My Creative Approach

How I Think About Photography

Where to Point Your Camera

We are all tempted (and encouraged) to think of photography in terms of “genre”.  But I believe photography is essentially opportunistic.  I think most (if not all) photographers start with a subject that calls to them…some serendipitous event or thing that grabs their attention.  It could be a beautiful bird, a play of light and shadow on a building, a fascinating stranger, or even a tragic event.   And once we shoot, we start a feedback loop of sorts.  If we like what we see, we do that more, and we get better at doing it so we like it even more.  So it goes that a photographer might pick a lane, or a “genre” of specialty.  And the community encourages this.  Conventional wisdom says that we should all be specialists in a certain genre, especially if we want to get paid for photography.  The idea is to go deep, not broad.  

I don’t follow this conventional wisdom.  Each genre teaches you critical skills which apply to other genres.  While it’s true that I have a particular passion for street photography, I’m not sure I would be much good at it if I didn’t shoot other stuff.  My experience in landscape and wildlife photography is what gave me the tools to really get meaningful images on city streets.  So I would never encourage anyone, especially at the beginner stage, to pick one genre.  

And speaking of ideas I do not agree with:  many people insist that a good photo must tell a story.  I don’t buy that.  A story requires a temporal element; a picture freezes time.  Images can be part of a larger narrative, but not every image contains a story.  To me, a photograph is not a container; it’s a window.  And what passes in the window either commands your attention, or not.  The job of the photographer is to ignite a spark of recognition by presenting a familiar thing, and simultaneously confound it with something entirely unexpected. This juxtaposition conveys a tension which can provoke a feeling in the viewer: humor, anger, wonder, shock, etc.  That emotional resonance is what photographer are trying to convey in their images.  A good image portrays the conventional in an unimagined way. A great image alters perception in a sense that echoes beyond its viewing.

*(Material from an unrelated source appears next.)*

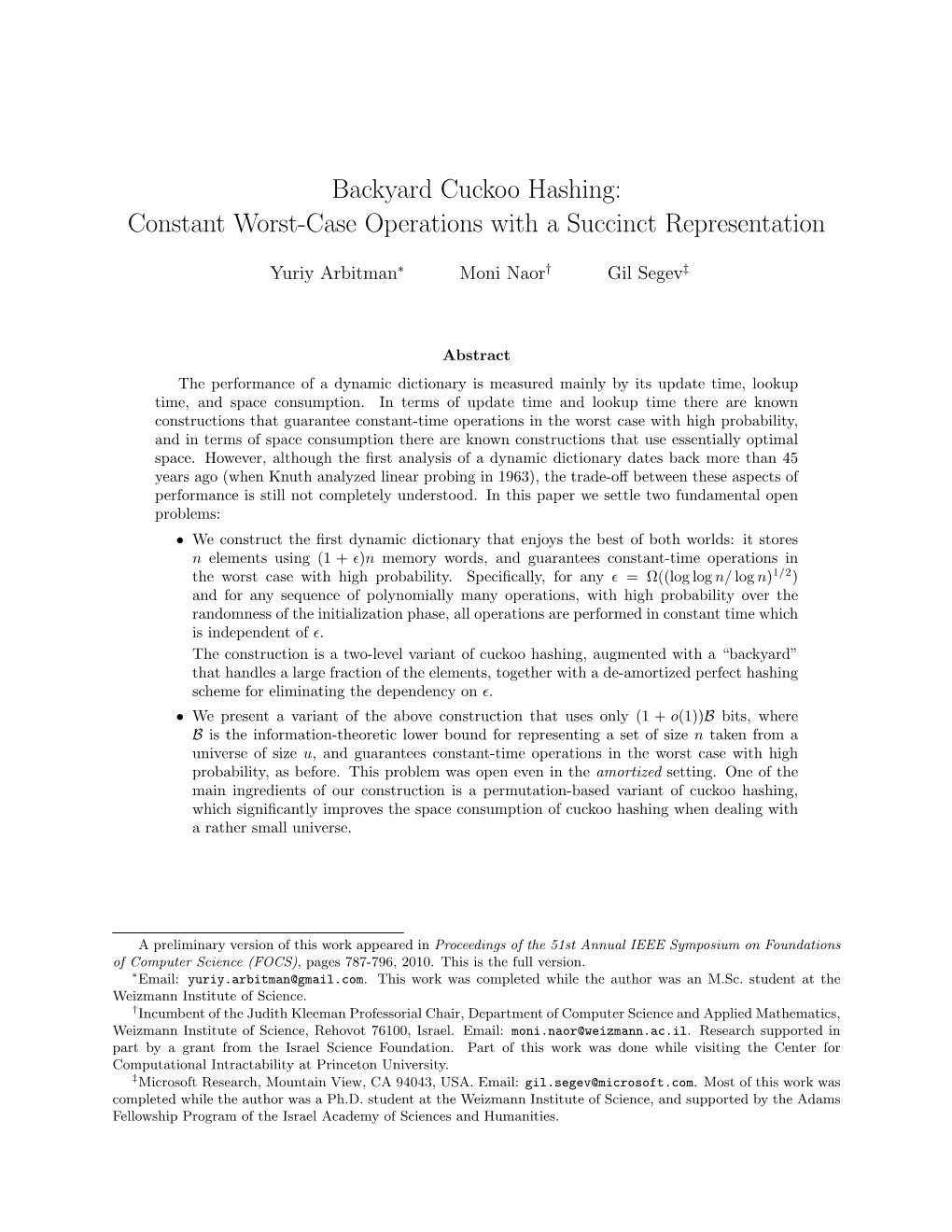 Backyard Cuckoo Hashing: Constant Worst-Case Operations with a Succinct Representation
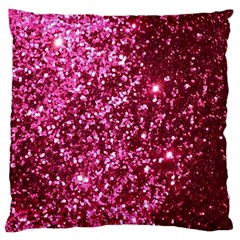 Pink Glitter Large Premium Plush Fleece Cushion Case (one Side) by Hannah976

How I look at editing photos

For me, everything is fair game when you are creating a photographic image for your own use.  I don’t make a fundamental distinction between making a photograph and making a painting.  Creators create, and what they create belongs to them.  So I don’t see any obligation to stay within implied boundaries of “realism”.  I have no compunction about editing, whether it is simply cropping and contrast adjustments or something more elaborate like doing composite work.  To me all that is perfectly fine.  But ethical considerations do creep in where photography becomes transactional.  If your image becomes a product, whether its a print for sale or a photojournalistic assignment, then you become accountable for your process.  In that situation, there is an ethical imperative to be transparent about how you get to that final image.  Failure to do that is unethical in my opinion.

All that said, my personal creative ethic, and most often my goal, is to faithfully represent what I saw when I took the photo.  However, what I see and what the camera records are almost never aligned.  That is counterintuitive to some people, who would argue that what the camera records is the most faithful representation of any scene.  But that is patently untrue and is a failure to understand how cameras and human visual systems work.  Without getting into the technical details, a camera sensor is not nearly as good as the human brain at interpreting a scene.  Everyone who takes photos has had the experience of seeing something beautiful, taking a picture, and being disappointed by the image.  This is not because you were wrong about how beautiful is was.  Its because your camera is not as good as your eyes and your brain at seeing the beauty.

So when I process photos, I am mostly trying to put back what the camera left out.  Sometimes I get there.  Sometimes I fall short and sometimes I go too far.  But the ethic is constant while the output remains a work in progress.